Flutterwave’s USD 52 million, Held on Money Laundering Suspicion, Released by Kenya.

By Mark Kawalya

In the middle of 2022, payments firm Flutterwave found itself in a pickle after the firm’s funds in the millions of dollars were frozen. This was in response to a series of questions that Kenyan authorities raised about the startup’s activities. Allegedly, the firm was involved in money laundering, with large amounts of cash being transferred among the firm’s top executives.

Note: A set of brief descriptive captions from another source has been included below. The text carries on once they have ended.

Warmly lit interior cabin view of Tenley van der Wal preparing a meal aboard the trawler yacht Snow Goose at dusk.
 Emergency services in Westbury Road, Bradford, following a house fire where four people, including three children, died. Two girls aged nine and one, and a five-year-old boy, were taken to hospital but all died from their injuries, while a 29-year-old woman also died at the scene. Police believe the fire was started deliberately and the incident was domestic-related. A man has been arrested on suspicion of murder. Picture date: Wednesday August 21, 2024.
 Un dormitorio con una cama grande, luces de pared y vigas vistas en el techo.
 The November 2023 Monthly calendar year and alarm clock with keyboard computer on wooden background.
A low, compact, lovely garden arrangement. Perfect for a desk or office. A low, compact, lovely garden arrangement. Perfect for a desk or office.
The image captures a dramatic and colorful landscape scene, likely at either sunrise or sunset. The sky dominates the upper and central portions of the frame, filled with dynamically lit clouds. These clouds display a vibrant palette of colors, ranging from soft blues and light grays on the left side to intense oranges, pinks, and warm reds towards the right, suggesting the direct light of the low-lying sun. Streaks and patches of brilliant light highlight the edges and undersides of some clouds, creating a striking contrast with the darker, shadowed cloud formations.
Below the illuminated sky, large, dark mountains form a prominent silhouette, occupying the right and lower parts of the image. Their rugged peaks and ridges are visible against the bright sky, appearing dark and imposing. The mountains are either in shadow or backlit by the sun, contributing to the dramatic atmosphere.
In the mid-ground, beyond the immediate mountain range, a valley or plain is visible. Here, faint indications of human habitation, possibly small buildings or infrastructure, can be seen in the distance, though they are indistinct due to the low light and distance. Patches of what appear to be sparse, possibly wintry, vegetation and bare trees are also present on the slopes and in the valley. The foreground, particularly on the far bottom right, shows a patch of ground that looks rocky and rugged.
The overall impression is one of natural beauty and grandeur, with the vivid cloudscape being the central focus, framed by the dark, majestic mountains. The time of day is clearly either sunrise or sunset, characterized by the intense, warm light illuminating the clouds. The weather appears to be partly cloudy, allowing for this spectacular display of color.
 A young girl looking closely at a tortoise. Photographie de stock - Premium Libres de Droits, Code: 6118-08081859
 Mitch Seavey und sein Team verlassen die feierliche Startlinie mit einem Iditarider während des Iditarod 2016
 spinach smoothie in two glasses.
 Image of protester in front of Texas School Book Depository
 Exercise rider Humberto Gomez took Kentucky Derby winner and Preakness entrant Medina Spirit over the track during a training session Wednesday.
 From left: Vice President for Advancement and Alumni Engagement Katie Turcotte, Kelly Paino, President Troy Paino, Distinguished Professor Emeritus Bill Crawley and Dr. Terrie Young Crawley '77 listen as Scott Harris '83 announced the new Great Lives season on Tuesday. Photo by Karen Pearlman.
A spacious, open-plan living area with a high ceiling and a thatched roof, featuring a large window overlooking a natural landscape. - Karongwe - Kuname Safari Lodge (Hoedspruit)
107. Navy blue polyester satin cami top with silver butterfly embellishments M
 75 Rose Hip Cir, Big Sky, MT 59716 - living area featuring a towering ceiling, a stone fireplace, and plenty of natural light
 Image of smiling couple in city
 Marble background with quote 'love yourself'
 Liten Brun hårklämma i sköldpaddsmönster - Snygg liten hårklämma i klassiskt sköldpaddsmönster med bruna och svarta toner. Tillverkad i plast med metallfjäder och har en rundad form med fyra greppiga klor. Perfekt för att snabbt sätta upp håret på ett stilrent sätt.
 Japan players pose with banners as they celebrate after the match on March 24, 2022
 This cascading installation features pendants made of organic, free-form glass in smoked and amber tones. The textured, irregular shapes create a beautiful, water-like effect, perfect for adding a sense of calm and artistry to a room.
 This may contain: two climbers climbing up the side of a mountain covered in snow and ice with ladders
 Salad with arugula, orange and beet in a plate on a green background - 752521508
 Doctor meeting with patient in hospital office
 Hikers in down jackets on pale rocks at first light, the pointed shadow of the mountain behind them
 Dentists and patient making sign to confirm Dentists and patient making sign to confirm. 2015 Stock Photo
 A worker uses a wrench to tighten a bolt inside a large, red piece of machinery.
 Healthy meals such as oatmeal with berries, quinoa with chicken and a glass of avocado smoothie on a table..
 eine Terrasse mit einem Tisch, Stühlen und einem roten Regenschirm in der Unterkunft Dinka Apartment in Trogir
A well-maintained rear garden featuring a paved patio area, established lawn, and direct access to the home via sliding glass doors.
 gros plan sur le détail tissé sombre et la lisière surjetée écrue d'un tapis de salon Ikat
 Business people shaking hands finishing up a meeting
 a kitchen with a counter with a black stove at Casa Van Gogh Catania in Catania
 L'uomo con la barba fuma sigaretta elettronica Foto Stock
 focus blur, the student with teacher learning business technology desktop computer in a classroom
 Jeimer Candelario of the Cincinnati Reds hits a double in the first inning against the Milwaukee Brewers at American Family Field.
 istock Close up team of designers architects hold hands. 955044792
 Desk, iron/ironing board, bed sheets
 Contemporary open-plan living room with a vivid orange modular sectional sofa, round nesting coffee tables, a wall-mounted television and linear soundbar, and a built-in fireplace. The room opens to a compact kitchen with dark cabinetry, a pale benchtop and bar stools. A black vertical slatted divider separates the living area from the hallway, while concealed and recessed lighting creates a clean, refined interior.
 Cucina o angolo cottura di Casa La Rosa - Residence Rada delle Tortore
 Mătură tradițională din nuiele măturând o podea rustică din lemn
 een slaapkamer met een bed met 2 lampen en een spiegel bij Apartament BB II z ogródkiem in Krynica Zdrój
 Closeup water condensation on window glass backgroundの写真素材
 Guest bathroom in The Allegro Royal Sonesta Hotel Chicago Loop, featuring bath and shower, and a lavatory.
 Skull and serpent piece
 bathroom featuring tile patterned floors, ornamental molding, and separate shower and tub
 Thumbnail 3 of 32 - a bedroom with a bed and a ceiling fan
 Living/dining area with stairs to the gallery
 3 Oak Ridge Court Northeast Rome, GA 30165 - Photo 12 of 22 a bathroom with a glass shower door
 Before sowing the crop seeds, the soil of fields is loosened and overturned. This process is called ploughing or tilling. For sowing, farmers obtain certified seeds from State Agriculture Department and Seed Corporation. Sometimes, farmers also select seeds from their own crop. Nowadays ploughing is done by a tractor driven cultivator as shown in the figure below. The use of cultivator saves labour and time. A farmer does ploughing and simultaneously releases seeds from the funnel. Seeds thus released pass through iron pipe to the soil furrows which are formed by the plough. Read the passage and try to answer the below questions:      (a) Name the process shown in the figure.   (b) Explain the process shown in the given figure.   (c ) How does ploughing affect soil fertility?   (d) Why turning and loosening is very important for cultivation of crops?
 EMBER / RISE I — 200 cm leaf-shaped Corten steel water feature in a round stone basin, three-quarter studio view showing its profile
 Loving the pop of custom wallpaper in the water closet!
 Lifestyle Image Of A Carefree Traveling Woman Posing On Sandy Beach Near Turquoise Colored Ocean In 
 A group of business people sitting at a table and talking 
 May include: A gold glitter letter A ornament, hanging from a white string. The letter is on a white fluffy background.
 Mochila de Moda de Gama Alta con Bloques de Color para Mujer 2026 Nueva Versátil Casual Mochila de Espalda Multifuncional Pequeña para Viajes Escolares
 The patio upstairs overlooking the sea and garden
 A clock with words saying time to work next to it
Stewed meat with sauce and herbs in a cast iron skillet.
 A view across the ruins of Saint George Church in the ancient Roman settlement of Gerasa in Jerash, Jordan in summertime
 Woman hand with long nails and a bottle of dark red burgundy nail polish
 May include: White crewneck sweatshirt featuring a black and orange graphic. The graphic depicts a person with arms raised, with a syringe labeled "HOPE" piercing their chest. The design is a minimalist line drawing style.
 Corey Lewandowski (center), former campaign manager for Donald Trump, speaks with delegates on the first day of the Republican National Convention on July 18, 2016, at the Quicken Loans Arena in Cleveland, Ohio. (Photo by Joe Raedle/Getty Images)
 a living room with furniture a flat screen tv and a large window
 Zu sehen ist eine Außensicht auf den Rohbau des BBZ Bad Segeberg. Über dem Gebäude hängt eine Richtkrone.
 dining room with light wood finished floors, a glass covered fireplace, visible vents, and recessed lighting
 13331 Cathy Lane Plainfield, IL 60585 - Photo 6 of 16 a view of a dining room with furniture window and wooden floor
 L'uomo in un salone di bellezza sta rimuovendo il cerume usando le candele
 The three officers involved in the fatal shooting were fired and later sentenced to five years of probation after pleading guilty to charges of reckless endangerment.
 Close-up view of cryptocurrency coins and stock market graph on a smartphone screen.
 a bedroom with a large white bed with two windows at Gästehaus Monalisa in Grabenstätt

Similarly, it was reported that the Nigerian firm was operating in Kenya illegally without appropriate documentation from authorities such as the Central Bank of Kenya. Consequently, Kenya froze USD 52 million of Flutterwave’s funds, which were spread out in bank accounts that belong to the company.

A few days later, Flutterwave made a statement denying any sort of financial illegalities, citing its high regulatory standards and anti-money laundering practices.

The company further explained that as a payments gateway, it earned transaction fees and had funds stored for supporting its operations.

In early February, the firm’s CEO, Olugbenga Agboola, who was being pressured at the height of the scandal, flew into Kenya to have the funds unfrozen and explore avenues of having Flutterwave continue operations in Kenya.

This would entail the firm getting fully licensed from entities like the Central Bank of Kenya. Agboola’s efforts proved fruitful, as soon as a statement from the startup revealed that the funds had been unfrozen and the firm would continue working with local partners. This is after the firm was cleared by the Asset Recovery Agency (ARA).

 “We are pleased to have this matter resolved so we can resume our work with our strategic partners in Kenya, providing innovative payment solutions to companies and individuals in one of Africa’s largest and most dynamic economies,” said Flutterwave Founder and CEO, Olugbenga Agboola. 

Flutterwave is used by thousands of Kenyans, such as Uber drivers and food vendors, to receive their daily earnings.

“The fintech sector in Africa, with its new entrants and accelerated pace of growth, attracts a considerable amount of scrutiny and, at times, suspicion. Given our own rapid growth and status as a first mover, we anticipate and welcome the opportunity to be transparent about our operations and cooperate with regulators,” he added.